Sooty footprints cut across the earth from the day before, and a scattering of brambles that spotted the spaces beside our steps had been reduced to nothing more than heaps of ash, along with the poorly manicured hedges my father had attempted to save; as I staggered to the door, the wind took the midnight-snow into the air, and the scent of fire hung heavily to the place as ash rained down around me.

I gazed out at the terrible beauty that had arisen from all that I had become, and I held in a shiver as I faced my house—the house I’d told myself I’d never ever return to. But . . . where was I to go? I had no family outside of my father that I knew of, and I had no money, no shelter, nothing to keep me safe and alive.

I knew only how to run.

I kept my wild thoughts to a minimum as I entered my home. The mudroom had been badly scorched, and the kitchen beyond was riddled with burn marks all along the floor; buckets of water lay scattered along the kitchen counters, and the table had been warped and mangled in the center of the room, left to ruin.

I walked in circles around the place, taking in the damage.

The house, to my astonishment, had survived the fire pretty much unscathed. Though, upon entering the dining room, I noticed that a broken picture frame laid beside the table, and amongst a glittering pile of glass, sharp to the touch, a burnt picture of my late-mother smiled back at me.

My stomach clenched and a hand went to my shattered smile before a sob could rake my throat; I fell into a kneel, the crackle of glass beneath me hardly able to penetrate my focus, and I retrieved the photo from the floor.

This isn’t something you can handle on your own, I heard my father say to me, his voice a distant ghost, haunting me; I never heeded my father’s warning, never thought this curse was something I couldn’t keep under wraps. But now I’ve seen what it’s capable of—what I’m capable of. And I don’t know what to do . . .

At some point you will lose control—

The sound of the door opening spun me around, and the photo of my mother fluttered free of my grasp as I raised my hands in defense—because that’s the kind of person I’d become. So afraid of my shadow, of myself, the people around me, that I thought fight or flight were my only options.

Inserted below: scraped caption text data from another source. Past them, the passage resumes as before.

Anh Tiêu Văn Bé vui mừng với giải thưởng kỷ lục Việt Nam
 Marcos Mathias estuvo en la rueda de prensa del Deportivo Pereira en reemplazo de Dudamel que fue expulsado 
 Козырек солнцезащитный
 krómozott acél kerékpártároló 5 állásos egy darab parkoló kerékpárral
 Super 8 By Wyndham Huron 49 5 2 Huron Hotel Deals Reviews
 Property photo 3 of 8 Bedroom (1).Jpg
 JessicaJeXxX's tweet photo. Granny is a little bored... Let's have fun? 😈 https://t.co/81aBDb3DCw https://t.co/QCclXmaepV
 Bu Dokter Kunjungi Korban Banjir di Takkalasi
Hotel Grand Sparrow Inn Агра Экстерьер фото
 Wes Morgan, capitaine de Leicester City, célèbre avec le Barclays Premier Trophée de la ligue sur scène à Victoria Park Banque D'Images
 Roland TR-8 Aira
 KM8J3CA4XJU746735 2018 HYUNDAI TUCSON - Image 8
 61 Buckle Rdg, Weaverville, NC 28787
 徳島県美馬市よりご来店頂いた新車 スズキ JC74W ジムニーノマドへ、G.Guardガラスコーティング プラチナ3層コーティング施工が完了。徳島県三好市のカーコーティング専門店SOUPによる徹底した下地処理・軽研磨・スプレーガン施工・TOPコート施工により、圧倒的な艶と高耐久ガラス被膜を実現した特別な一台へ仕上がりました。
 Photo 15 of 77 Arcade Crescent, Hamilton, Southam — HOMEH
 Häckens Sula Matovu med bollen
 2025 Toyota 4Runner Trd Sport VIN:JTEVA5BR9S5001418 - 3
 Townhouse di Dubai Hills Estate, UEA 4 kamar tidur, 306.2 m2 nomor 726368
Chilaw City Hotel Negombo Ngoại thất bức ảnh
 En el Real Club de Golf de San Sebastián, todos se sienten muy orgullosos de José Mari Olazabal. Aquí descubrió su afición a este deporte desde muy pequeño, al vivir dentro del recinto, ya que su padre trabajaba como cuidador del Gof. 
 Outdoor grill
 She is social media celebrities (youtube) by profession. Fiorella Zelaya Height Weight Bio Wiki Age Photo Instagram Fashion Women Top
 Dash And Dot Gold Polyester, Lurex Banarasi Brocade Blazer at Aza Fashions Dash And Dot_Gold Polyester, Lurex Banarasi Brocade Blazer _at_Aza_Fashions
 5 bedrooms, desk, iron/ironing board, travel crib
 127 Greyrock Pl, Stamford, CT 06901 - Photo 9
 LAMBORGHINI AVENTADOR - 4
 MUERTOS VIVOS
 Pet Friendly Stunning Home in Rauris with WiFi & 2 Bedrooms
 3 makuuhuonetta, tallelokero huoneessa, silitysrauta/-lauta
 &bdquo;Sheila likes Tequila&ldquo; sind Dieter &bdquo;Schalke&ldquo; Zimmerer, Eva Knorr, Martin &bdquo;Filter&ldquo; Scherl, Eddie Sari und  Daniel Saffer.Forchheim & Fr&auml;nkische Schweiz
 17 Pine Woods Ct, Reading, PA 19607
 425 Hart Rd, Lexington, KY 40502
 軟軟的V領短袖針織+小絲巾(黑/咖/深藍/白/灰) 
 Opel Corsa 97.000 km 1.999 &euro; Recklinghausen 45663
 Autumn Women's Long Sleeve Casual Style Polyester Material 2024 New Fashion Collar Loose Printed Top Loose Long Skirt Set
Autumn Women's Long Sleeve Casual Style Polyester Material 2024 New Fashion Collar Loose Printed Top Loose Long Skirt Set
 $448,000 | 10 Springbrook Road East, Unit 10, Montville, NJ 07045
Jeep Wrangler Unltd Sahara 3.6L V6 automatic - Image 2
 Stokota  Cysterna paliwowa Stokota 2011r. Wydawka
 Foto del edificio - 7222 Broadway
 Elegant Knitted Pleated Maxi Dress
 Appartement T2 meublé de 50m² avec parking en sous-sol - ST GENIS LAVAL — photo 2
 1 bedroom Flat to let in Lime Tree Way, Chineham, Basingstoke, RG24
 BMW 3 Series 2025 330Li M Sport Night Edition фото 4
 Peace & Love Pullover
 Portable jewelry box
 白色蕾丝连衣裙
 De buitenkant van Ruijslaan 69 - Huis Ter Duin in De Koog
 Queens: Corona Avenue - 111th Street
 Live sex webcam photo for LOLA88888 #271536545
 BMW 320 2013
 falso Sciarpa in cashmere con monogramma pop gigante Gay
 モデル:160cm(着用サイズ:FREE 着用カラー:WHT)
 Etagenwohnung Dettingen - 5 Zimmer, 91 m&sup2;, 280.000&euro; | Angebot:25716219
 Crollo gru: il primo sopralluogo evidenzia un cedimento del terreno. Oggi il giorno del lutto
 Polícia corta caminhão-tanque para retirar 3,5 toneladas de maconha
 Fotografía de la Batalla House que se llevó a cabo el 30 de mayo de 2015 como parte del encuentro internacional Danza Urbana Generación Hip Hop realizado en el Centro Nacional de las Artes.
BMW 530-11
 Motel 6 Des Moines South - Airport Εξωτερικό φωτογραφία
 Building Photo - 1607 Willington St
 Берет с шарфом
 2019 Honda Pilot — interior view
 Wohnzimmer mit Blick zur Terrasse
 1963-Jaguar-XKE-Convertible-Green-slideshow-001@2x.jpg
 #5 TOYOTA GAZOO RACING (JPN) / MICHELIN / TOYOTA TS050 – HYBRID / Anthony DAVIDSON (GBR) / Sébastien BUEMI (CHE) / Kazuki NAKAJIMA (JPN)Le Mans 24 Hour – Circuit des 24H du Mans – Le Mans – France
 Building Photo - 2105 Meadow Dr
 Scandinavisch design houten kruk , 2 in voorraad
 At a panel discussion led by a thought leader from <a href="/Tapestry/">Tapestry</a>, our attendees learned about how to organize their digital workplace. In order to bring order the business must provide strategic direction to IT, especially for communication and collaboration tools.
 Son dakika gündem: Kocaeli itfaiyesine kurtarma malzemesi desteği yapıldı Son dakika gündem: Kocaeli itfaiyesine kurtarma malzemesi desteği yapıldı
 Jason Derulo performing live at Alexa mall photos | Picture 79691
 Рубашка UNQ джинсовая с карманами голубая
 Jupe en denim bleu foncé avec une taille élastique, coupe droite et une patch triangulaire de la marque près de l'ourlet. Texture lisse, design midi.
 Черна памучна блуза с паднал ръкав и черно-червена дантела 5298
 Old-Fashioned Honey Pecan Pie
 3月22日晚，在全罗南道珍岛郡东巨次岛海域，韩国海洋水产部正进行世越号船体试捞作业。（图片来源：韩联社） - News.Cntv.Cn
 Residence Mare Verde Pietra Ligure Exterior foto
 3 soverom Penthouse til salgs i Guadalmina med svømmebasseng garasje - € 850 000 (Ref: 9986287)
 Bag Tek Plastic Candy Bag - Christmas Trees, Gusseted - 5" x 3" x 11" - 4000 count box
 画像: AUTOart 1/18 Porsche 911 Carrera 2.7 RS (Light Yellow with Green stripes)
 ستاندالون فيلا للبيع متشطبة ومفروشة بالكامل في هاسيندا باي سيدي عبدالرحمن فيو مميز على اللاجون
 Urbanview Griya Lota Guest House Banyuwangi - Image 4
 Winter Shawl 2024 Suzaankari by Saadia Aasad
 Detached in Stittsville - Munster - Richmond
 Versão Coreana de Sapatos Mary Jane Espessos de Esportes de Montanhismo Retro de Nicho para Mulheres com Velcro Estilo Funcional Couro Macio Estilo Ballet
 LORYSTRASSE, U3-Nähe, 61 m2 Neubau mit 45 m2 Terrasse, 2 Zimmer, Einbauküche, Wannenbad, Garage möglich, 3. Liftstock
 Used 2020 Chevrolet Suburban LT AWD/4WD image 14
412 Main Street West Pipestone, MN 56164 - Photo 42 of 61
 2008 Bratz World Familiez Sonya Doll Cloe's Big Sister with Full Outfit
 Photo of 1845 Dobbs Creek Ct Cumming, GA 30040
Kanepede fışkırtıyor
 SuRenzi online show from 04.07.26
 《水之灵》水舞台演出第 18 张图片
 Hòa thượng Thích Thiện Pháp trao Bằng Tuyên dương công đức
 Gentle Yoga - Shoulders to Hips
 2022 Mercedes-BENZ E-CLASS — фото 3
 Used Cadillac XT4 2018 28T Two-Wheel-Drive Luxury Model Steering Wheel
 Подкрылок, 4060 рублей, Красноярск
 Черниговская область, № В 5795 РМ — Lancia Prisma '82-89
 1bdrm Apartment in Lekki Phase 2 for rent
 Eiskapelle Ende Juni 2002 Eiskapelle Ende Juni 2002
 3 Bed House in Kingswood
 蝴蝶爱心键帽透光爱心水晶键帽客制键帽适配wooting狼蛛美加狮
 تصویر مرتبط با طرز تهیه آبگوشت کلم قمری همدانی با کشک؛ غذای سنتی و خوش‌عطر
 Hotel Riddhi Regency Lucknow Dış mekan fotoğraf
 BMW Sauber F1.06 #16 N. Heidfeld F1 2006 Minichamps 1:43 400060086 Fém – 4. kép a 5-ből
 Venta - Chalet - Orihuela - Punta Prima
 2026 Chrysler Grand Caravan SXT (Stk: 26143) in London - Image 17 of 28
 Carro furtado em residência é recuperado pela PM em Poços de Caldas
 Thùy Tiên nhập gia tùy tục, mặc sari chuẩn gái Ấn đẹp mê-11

My father stood in the entryway. He wasn’t the smallest man, but he certainly wasn’t the largest. His head reigned high on those broad shoulders of his, graying tufts of brown hair sprouting messily atop it all, and his dark-brown eyes glistened in the gentle light now filtering through the windows—the light only ever seemed to darken his gaze, their shadows augmented by the sun.

He was fully clothed in his police uniform, and from his breast, his badge shown in the frail light of day. He was the chief of Maple Creek’s police department, and had been for the last twenty-four years. And I . . . I was a monster standing in his home.

“Dad . . .” I whispered, unsure of what else to say.

“You came back,” he said to me, so quietly, as if afraid I might run away again.

“I didn’t have any other choice—”

“You always have a choice.” He glanced away and slipped out of his jacket, and I watched as he hung it on the coatrack beside the woodstove. He rubbed his hands together and, cupping them, loosed a hot breath to warm his fingers. “When did you come home?”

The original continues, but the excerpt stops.